The jet stream is a a narrow, variable band of very strong, predominantly westerly air currents circling the globe several miles above the earth. There are typically two or three jet streams in each of the northern and southern hemispheres. Depending on the season and the weather pattern in place, the jet stream will set itself up somewhere over the Atlantic, typically swinging north and south in atmospheric waves.
On Monday, conditions were just right with the jet stream and air traffic for a Boeing 787-9 Dreamliner to take advantage of those winds and race from New York City, New York to London, England. The jet operated by Norwegian flew from New York’s JFK Airport to London’s Gatwick Airport in just five hours and 13 minutes. The aircraft, carrying 284 passengers, arrived in London 53 minutes early at 9.57pm on Monday. The previous record was five hours and 16 minutes.
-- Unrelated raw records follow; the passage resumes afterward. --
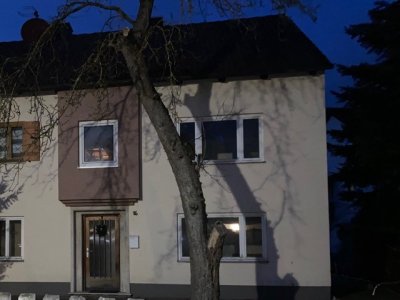 Gepflegtes älteres Wohnhaus ruhig und zentrumsnah mit Garten und XL-Garage neu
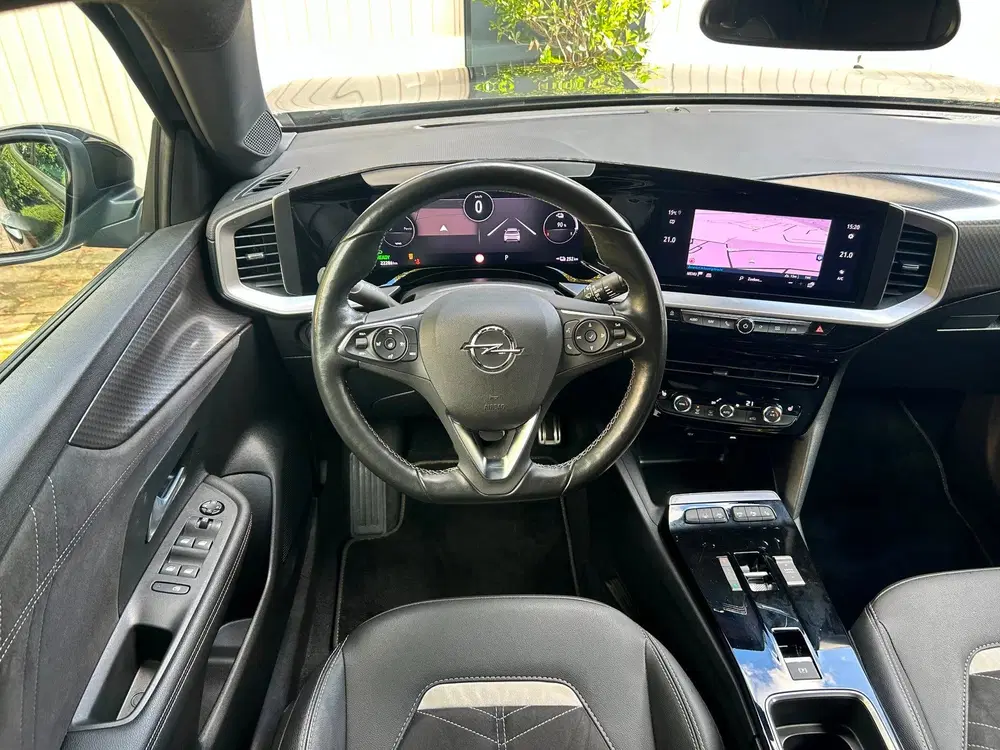 Opel Mokka Ultimate 50-kWh 11kw bl. uit 2021, foto 12
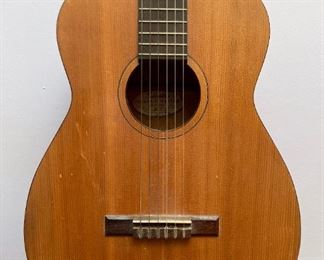 Vintage Silverton Classic acoustic guitar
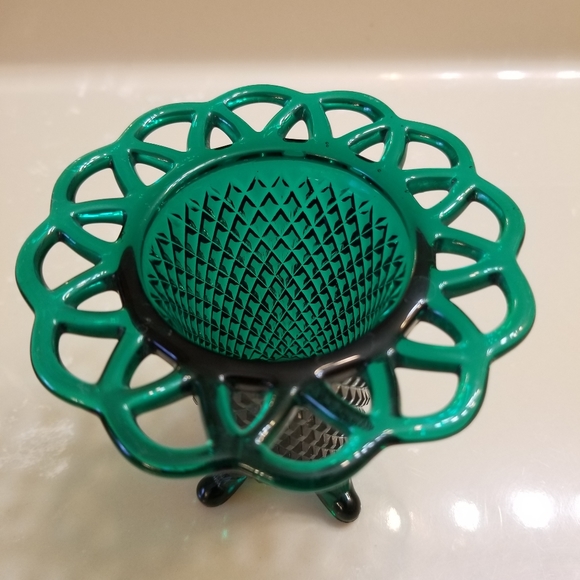 Vintage hobnail glass vase - Picture 4 of 7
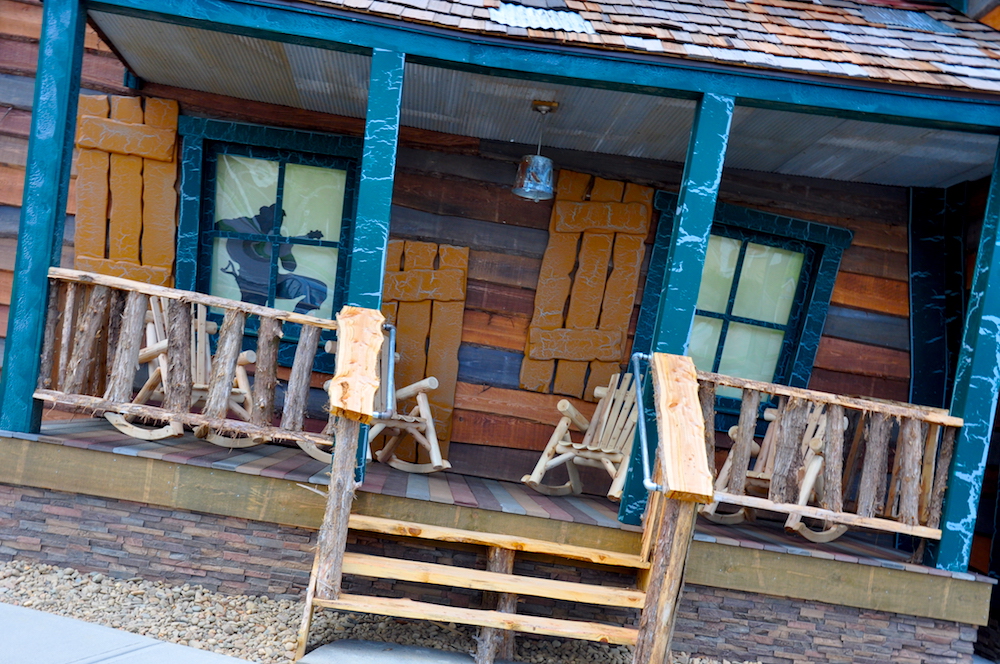 Chairs outside of Hatfield and McCoy Dinner Feud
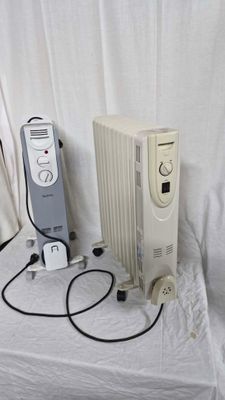 un radiateur blanc posé sur une table à côté d'un radiateur électrique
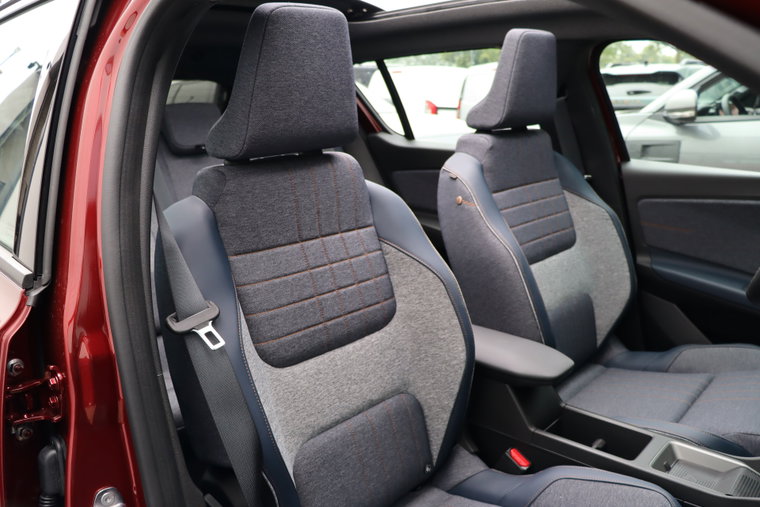 Vehicle Image 13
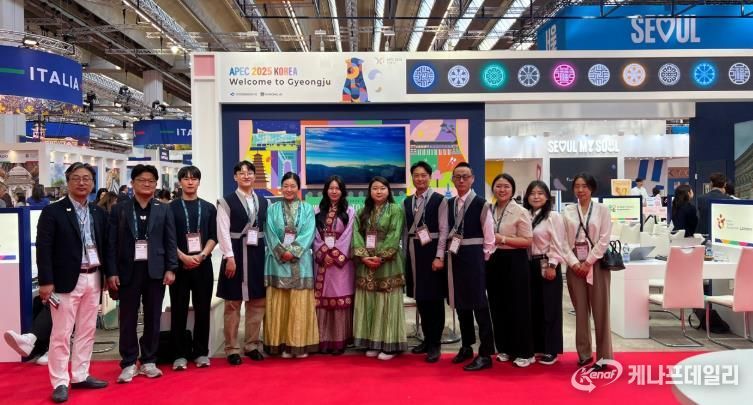 IMEX Frankfurt 2025 특별홍보관에서 관계자들이 기념촬영을 하고 있다. (사진=경주화백컨벤션뷰로 제공)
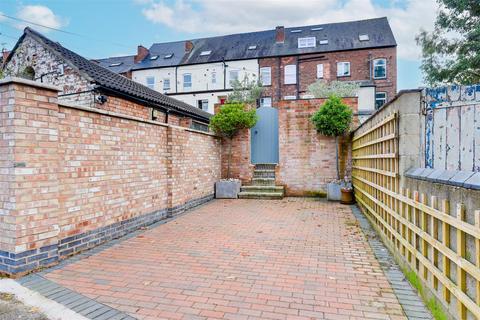 4 bedroom terraced house for sale, Woodborough Road, Mapperley NG3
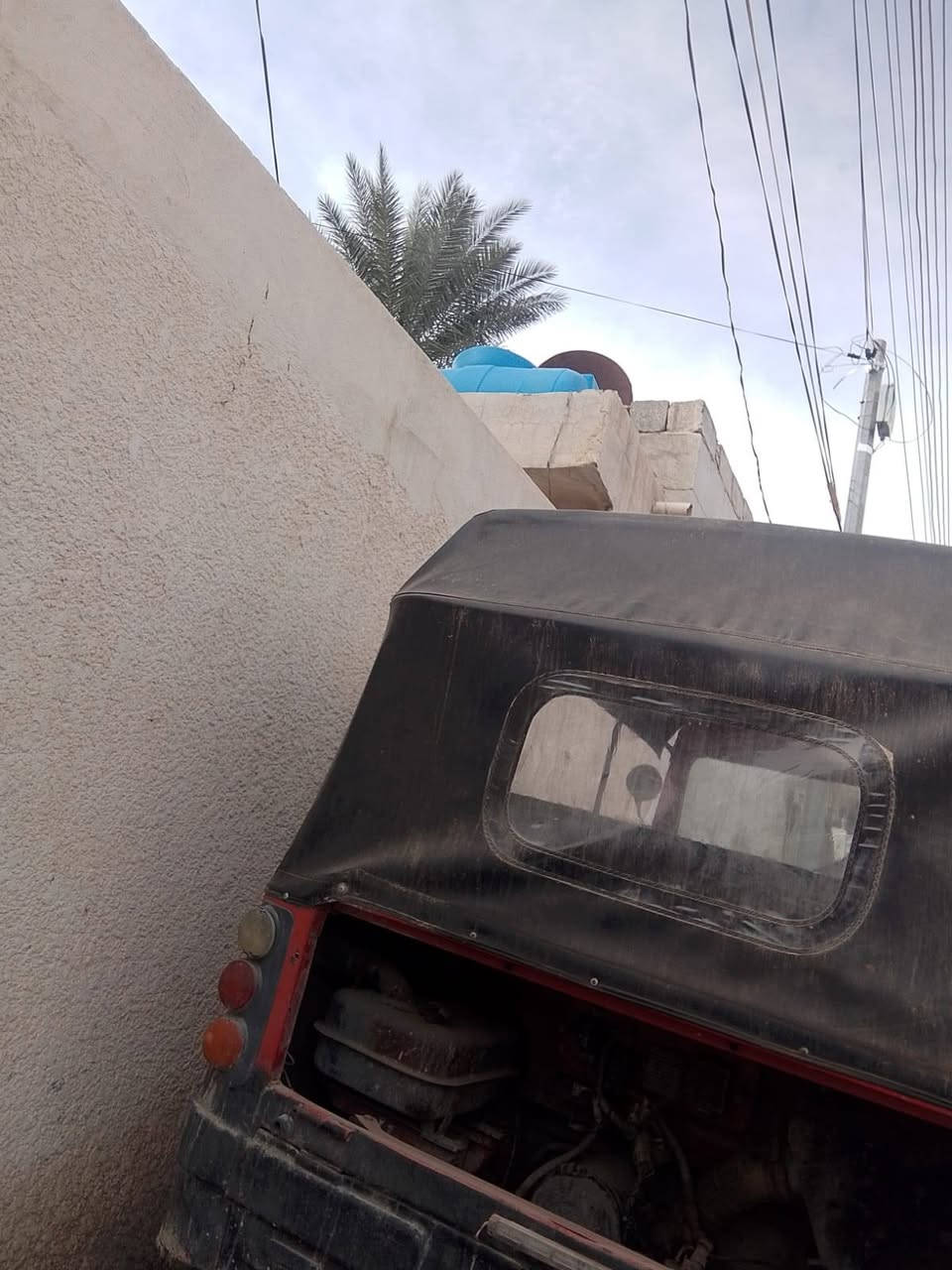 تكتك للبيع موديل 2018 بياجو مكينة كايمة اوراق كاملة اتعهد من اسرقة سعر 500000الف بيها مجال ***********
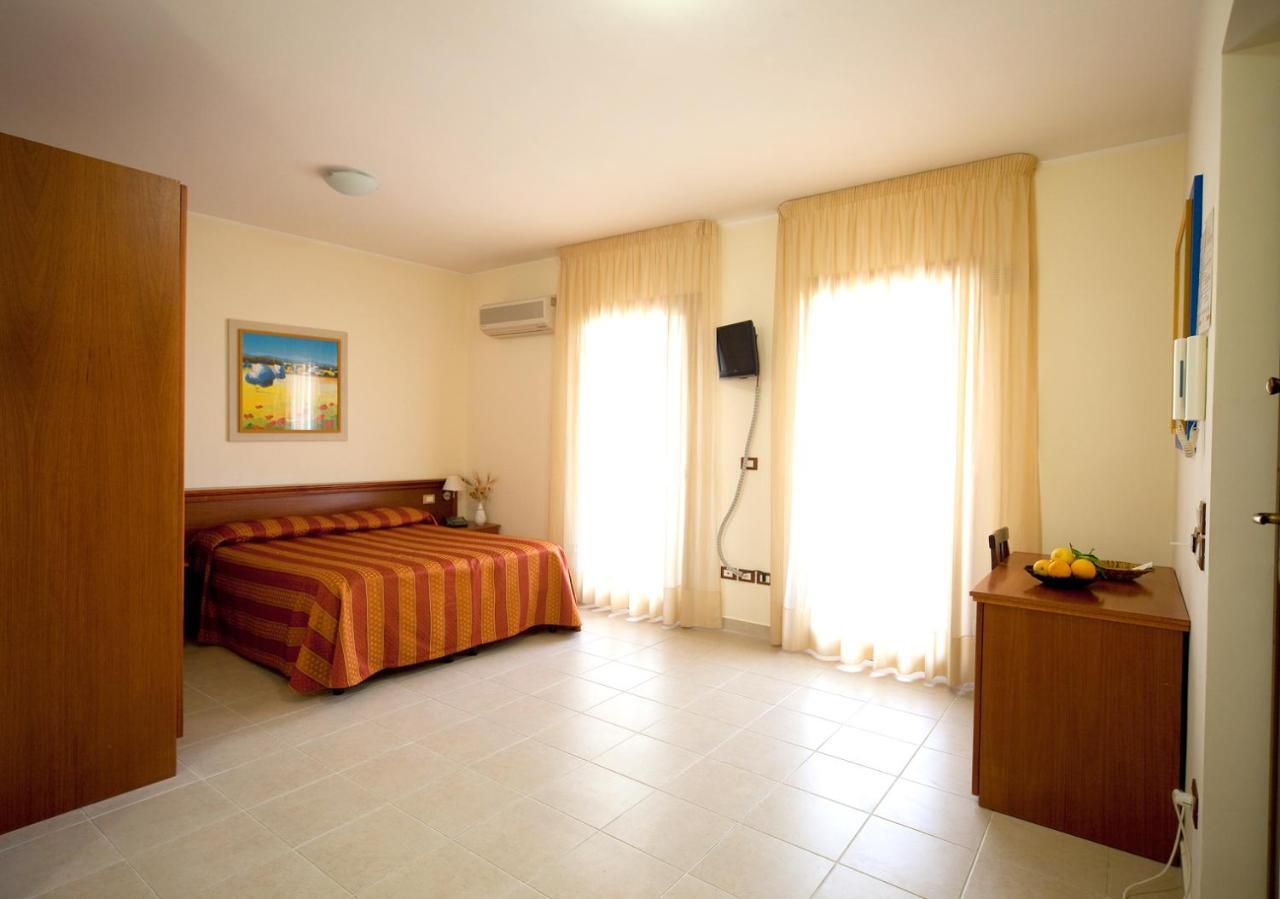 Hotel Residence Al.Pa. Reggio Calabria Exterior photo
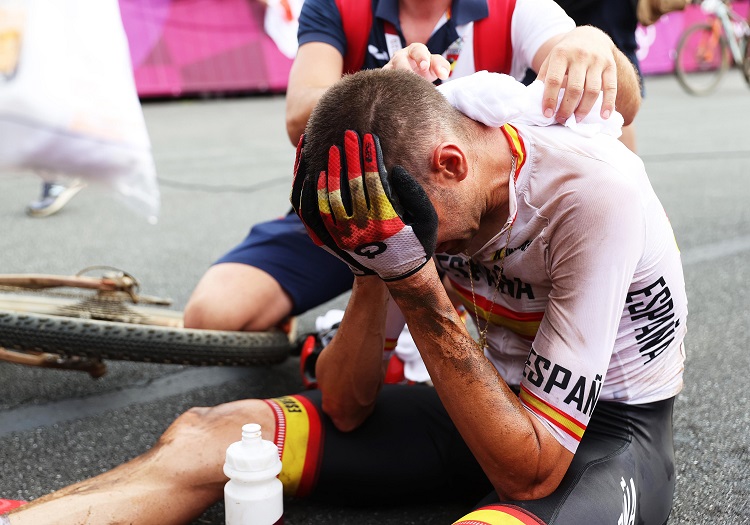 RFECiclismo's tweet image. SORTEO | Consigue dos maillots del #TeamESPciclismo y dos bidones firmados por @Valeromtb 🚵

Para participar:

✅ Seguir a @RFECiclismo 
✅ Dar ‘me gusta’ y RT a la publicación
✅ Mencionar a un amig@ en los comentarios

@ciclistacofidis 

🔗 bit.ly/3wyqKNC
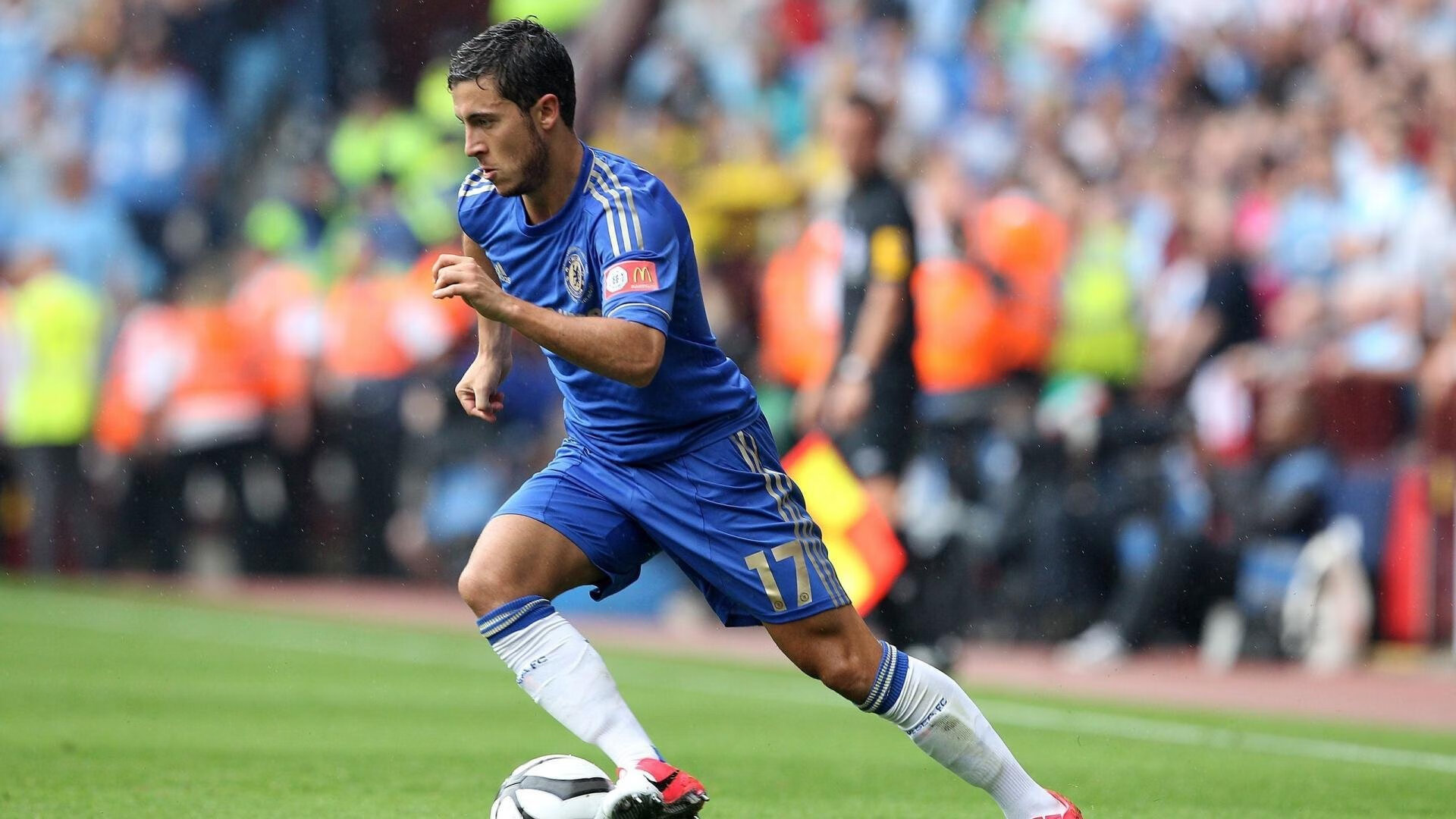 女子蝶泳赛场再现张雨霏风采，张雨霏晋级蝶泳决赛视频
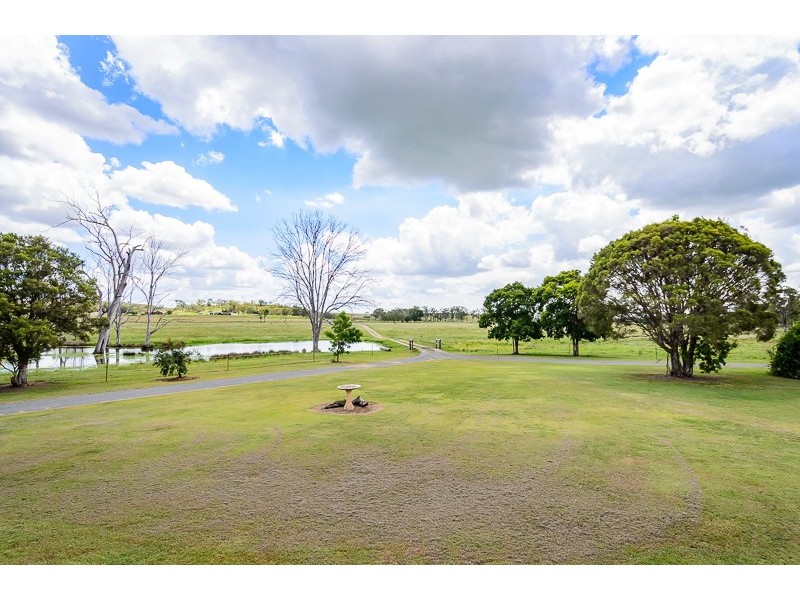 225 East End Road, Mount Larcom QLD 4695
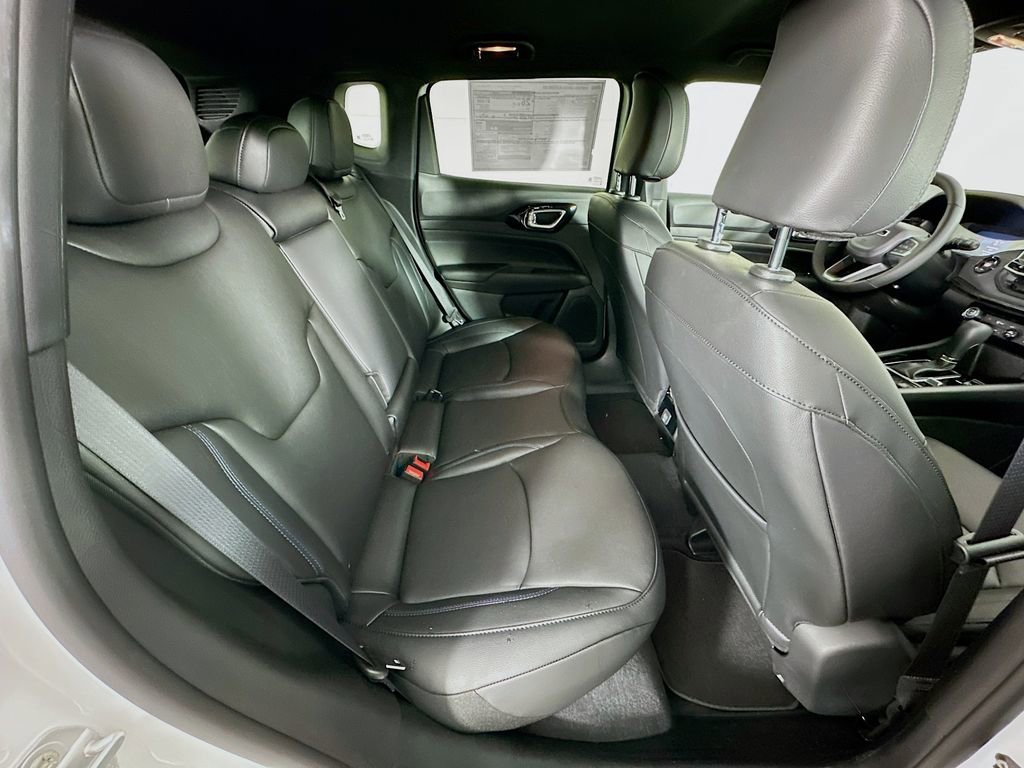 New 2026 Jeep Compass Limited AWD/4WD image 32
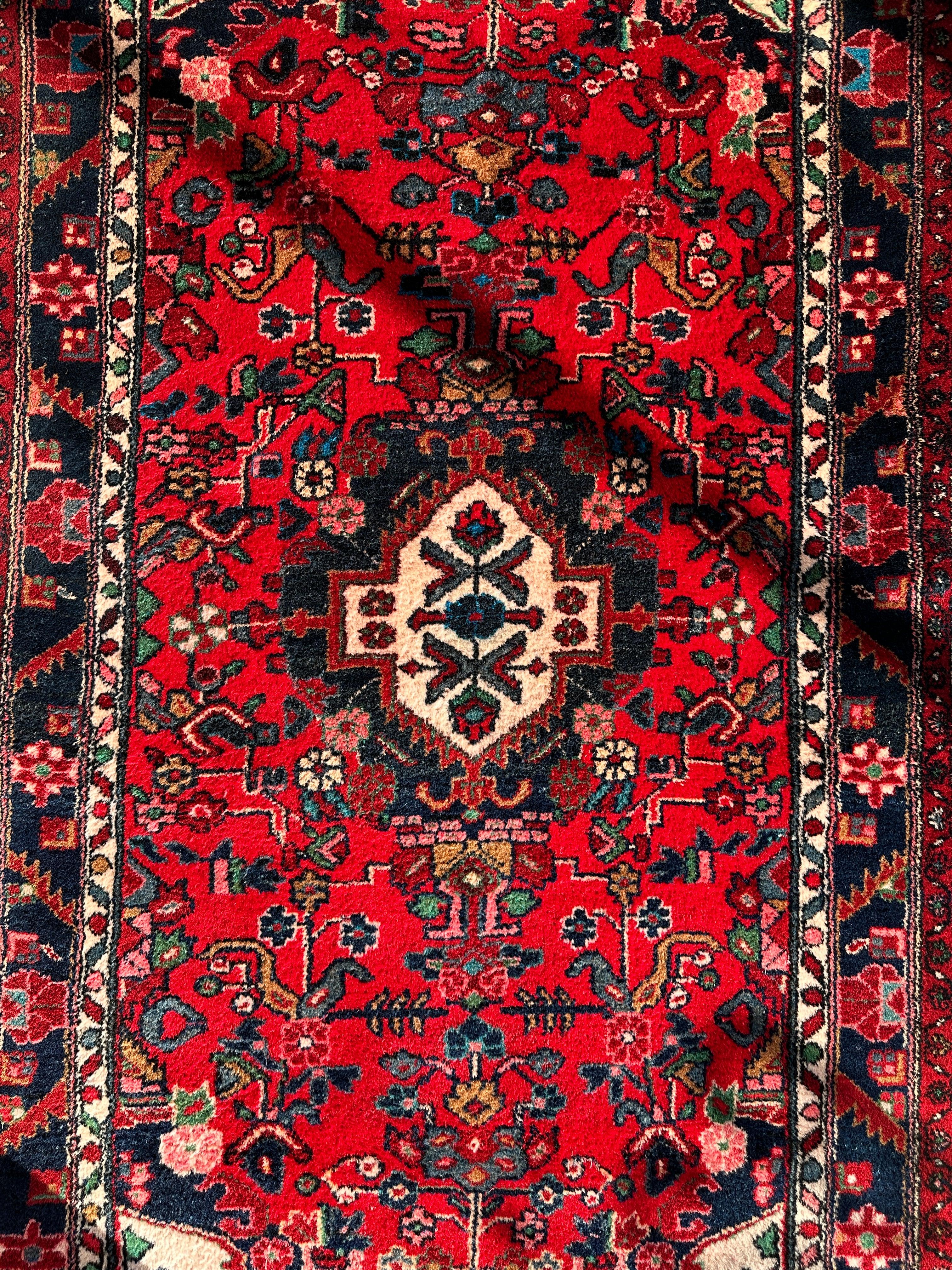 Hand-knotted Persian Hamadan wool Rug 3’8” x 6’4” - Image 5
“The 787 Dreamliner is a pleasure to fly and it’s a great feeling to know that we have set a new record in this aircraft,” said Norwegian pilot Harold van Dam. “We were actually in the air for just over five hours and if it had not been for forecasted turbulence at lower altitude, we could have flown even faster.”
The jet stream also helped other flights race across the Atlantic. On the day before the record-breaking flight, London Gatwick-based Captain Pascal Niewold recorded his fastest ever transatlantic flight of 5 hours and 20 minutes while flying the Boeing 787 Dreamliner from New York to London. That flight had a maximum tailwind of 224 mph and reached a top speed of 779 mph. Norwegian Captain Pascal Niewold said, “The passengers and crew were very pleasantly surprised that we were already landing in London. It was a very smooth flight with almost no turbulence and as a result of the jet stream we arrived 25 minutes early.”